Jakarta, FORTUNE - Sistem Pemilu proporsional tertutup jadi bahan perdebatan para politikus dalam beberapa hari belakangan. Delapan dari sembilan partai politik di parlemen bahkan menggelar konferensi pers untuk menyampaikan penolakannya atas usulan sistem tersebut.
Hanya PDI Perjuangan yang masih bersikukuh dengan sikapnya untuk meloloskan opsi sistem tersebut dalam Pemilu serentak yang akan digelar pada 2024.
Pun demikian, perdebatan ihwal sistem pemilu bukan kali ini saja terjadi. Ketika rancangan undang-undang Pemilu tengah dibahas pada 2017, sistem tersebut juga jadi bahan bakar perdebatan. Waktu itu, ada tiga opsi yang dibahas untuk bisa diterapkan pada pemilu 2019. Pertama, sistem proporsional terbuka, kedua sistem operasional terbuka terbatas, dan ketiga sistem proporsional tertutup.
Sistem proporsional terbuka terbatas, yang diusulkan pemerintah menjadi sorotan karena dinilai menawarkan jalan tengah. Ia merupakan sistem pemilu yang menggunakan sistem proporsional dengan daftar calon yang terbuka dan daftar nomor urut calon yang terikat oleh partai politik.
Yang dimaksud dengan “daftar calon yang terbuka” adalah daftar calon anggota DPR, DPRD provinsi, dan DPRD kabupaten/kota yang tercantum dalam surat suara pemilu secara berurutan yang ditetapkan oleh partai politik.
Dalam sistem proporsional terbuka terbatas, masyarakat boleh mencoblos partai dan boleh mencoblos calon. Namun, apabila partai yang lebih banyak dicoblos dibandingkan masing-masing caleg, maka partai yang menentukan caleg terpilih berdasarkan nomor urut. Apabila suara caleg lebih besar dari suara partai, maka caleg tersebut yang menjadi caleg terpilih.
Sistem proporsional tertutup
Lantas apa itu sistem proporsional tertutup, yang kini diperdebatkan?
Mengutip lembar fakta yang diterbitkan Puskapol Fisip Universitas Indonesia, sistem proporsional di Indonesia terbagi menjadi dua yakni sistem proporsional daftar tertutup (closed list PR) dan sistem proporsional daftar terbuka (open list PR). Sistem proporsional sendiri menerjemahkan perolehan suara partai menjadi perolehan kursi di parlemen.
Dalam sistem proporsional daftar tertutup, masyarakat yang mengikuti Pemilu cukup memilih dengan menandai tanda gambar partai. Artinya, pemilih tidak secara langsung memilih para bakal calon tersebut, melainkan partai politik yang akan mengirimkan daftar kandidat bakal calon yang diusung.

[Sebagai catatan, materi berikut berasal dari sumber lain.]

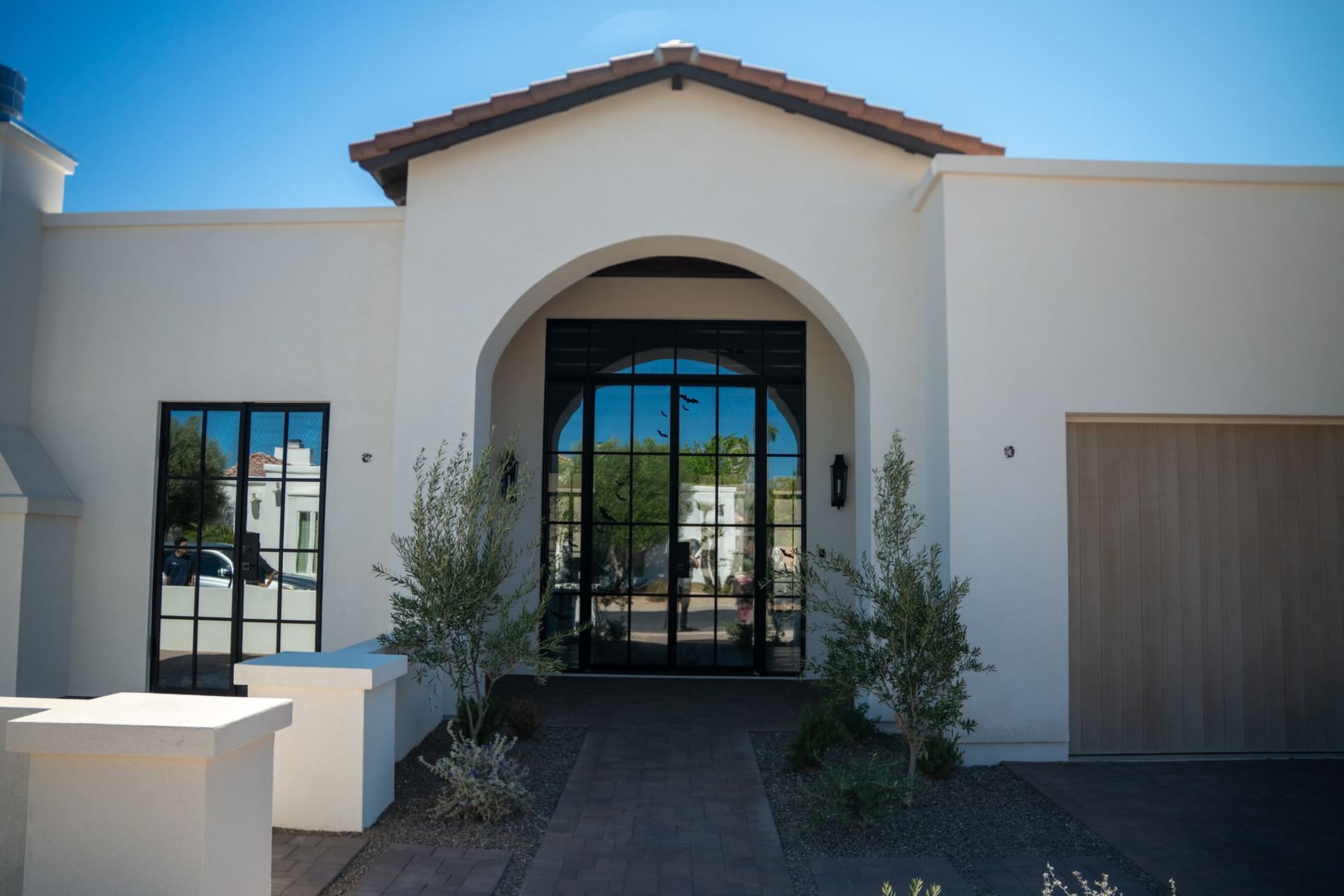 Completed home exterior with an arched white stucco entrance and wood garage door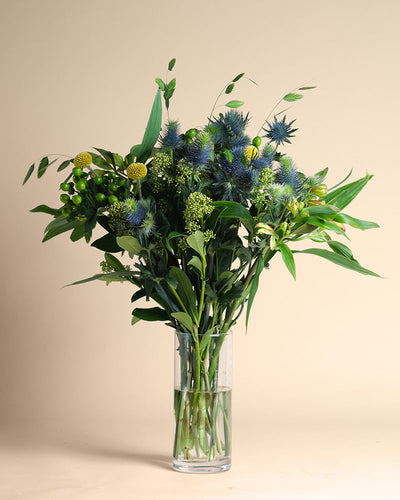 Die Vase Erfolgsgeheimnis zeigt ein klares Glasdesign, gefüllt mit grünen Blättern, gelben Bällen, blauen Disteln und strukturiertem Grün, das vor einem schlichten beigen Hintergrund positive Energie ausstrahlt.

Kandidat dengan nomor urut terkecil atau teratas dalam sebuah partai politik berhak menduduki kursi pertama di lembaga dewan perwakilan.
Sementara dalam sistem proporsional terbuka, rakyat memiliki kesempatan untuk memilih nama calon yang dikehendakinya, selain memilih tanda gambar partai.
Kelebihan sistem proporsional tertutup
Sistem proporsional tertutup dinilai akan lebih menguatkan kelembagaan partai, memperkokoh sistem kaderisasi, integritas, kapasitas dan kapabilitas calon legislatif.
Selain itu, sistem ini juga akan mengurangi biaya politik sebab dalam sistem terbuka yang berbasis suara terbanyak, berbasis individu dan feodalisme, ongkosnya sangat mahal dan dinilai cenderung menimbulkan tumbuh kembangnya korupsi.
Sistem proporsional tertutup pun dapat meneguhkan kembali kedudukan partai politik dan memperkuat kewenangan Parpol, sehingga tak hanya menjadi kendaraan calon legislatif untuk sampai di kursi kekuasaan.
Kelemahan proporsional tertutup
Meski demikian, sistem proporsional tertutup juga memiliki kelemahan. Pertama, sistem proporsional tertutup dapat menguatkan sistem oligarki kepartaian, sehingga model ini dianggap tidak demokratis bahkan memunculkan hegemoni parpol besar. Sistem ini pula yang digunakan pada era Orde Baru dan membuat Golkar menjadi partai berkuasa selama lebih dari dua dekade.
Selain itu, sistem pemilu proporsional tertutup juga akan membatasi putra-putri terbaik yang memenuhi syarat mendaftarkan diri dan diusulkan menjadi caleg, yang dapat mendorong tingkat partisipasi pemilih lebih tinggi.
Munculnya potensi politik transaksional, yakni pemilihan calon di nomor urut tertinggi didasarkan pada bayaran yang tinggi kepada partai.
Kurang menjamin terpenuhinya hak demokrasi warga negara, apalagi di tengah iklim berdemokrasi dan tatanan masyarakat yang semakin terbuka ketika pilihan politik warga didasarkan pada pertimbangan yang lebih logis ketimbang primordialitas atau lainnya.